The Los Angeles Times confirms analysis from our readers Friday:
President Obama’s post-convention “bounce” continued to grow Saturday, as new polls showed him widening a lead over Republican nominee Mitt Romney.
Obama’s lead over Romney among registered voters grew to 49%-45% in Gallup’s tracking poll. The 49% for Obama was his highest point in the survey since late April. It represented an increase of 1 point since Friday and a 5-point swing from Romney’s 47%-46% lead in the Gallup survey just before the Republican convention began.
The poll combines small samples taken each night to present a seven-day average. Since three of the nights of the survey period preceded the Democratic convention, Obama’s lead in the survey is likely to grow further.

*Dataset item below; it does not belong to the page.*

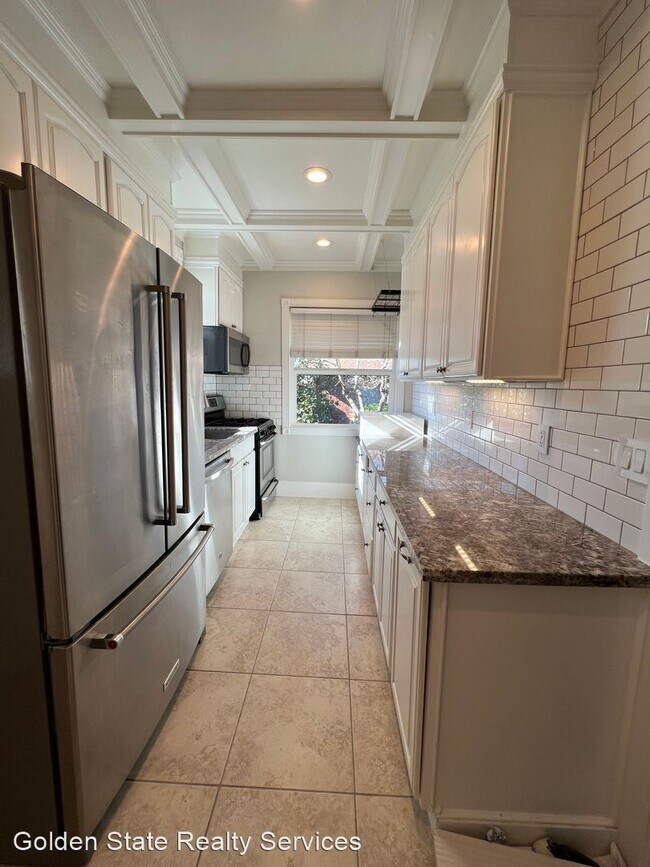 Building Photo - 4 br, 2 bath House - 525 Grove St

You know it’s real when even the famously GOP-leaning pollsters at Rasmussen can’t hide it:
The Rasmussen Reports daily Presidential Tracking Poll for Sunday shows President Obama attracting support from 49% of voters nationwide, while Mitt Romney earns 45% of the vote. Three percent (3%) prefer some other candidate, and three percent (3%) are undecided…
This is the president’s biggest lead over Romney among Likely Voters since March 17…[t]he president has made significant gains among voters aged 40-64.

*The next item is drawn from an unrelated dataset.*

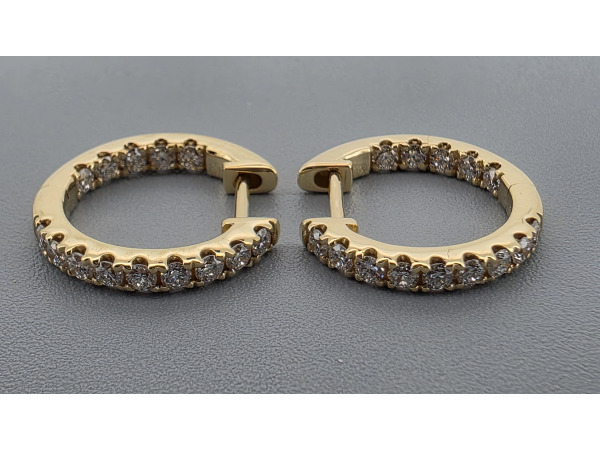 Gouden oorbellen ingelegd met diamant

The “conventional” wisdom on post-convention bounces is they are just that–a temporary boost, soon brought to earth by the same circumstances that prevailed before the conventions.

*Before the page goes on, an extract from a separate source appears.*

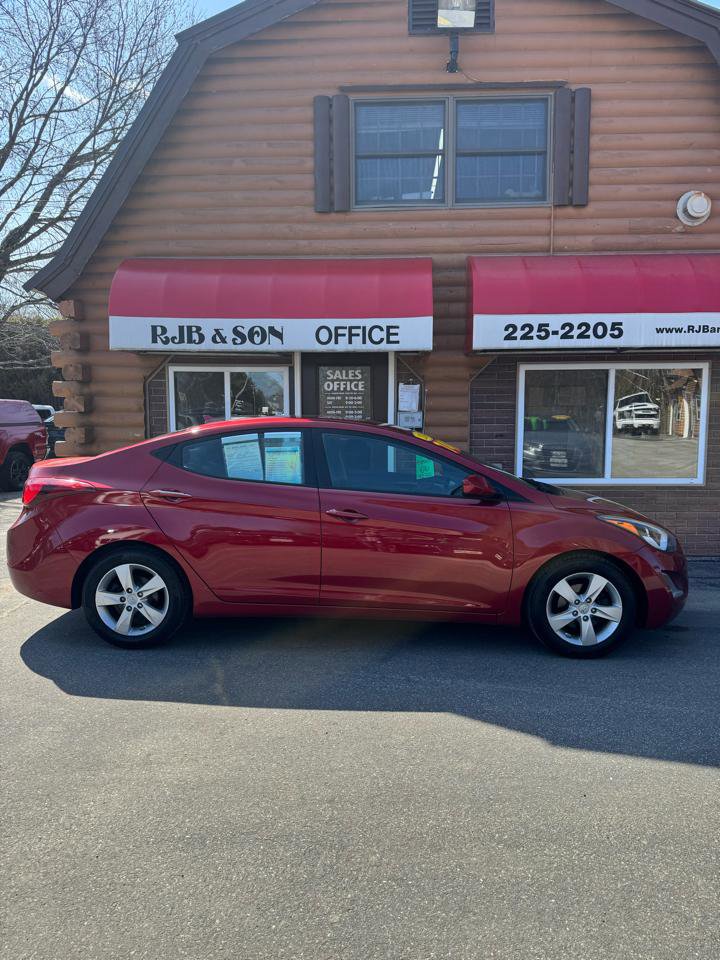Used 2014 Hyundai Elantra SE w/ Option Group 02 image 2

Of course, not every convention has matched up Bill Clinton vs. Clint Eastwood, and who knew that Eastwood would be so awful? Nobody could have predicted that. Eastwood, perhaps even more than Paul Ryan’s mendacity, Hurricane Isaac, or the Ron Paul insurgency, did at least as much to break the GOP’s post-convention momentum as any other factor. Eastwood’s “empty chair” has emerged as a defining symbol of a party out of touch, running on a platform of petty and personal antagonism instead of a coherent vision of the future.
That said, what can be done now to stop Obama’s “bounce” from becoming permanent?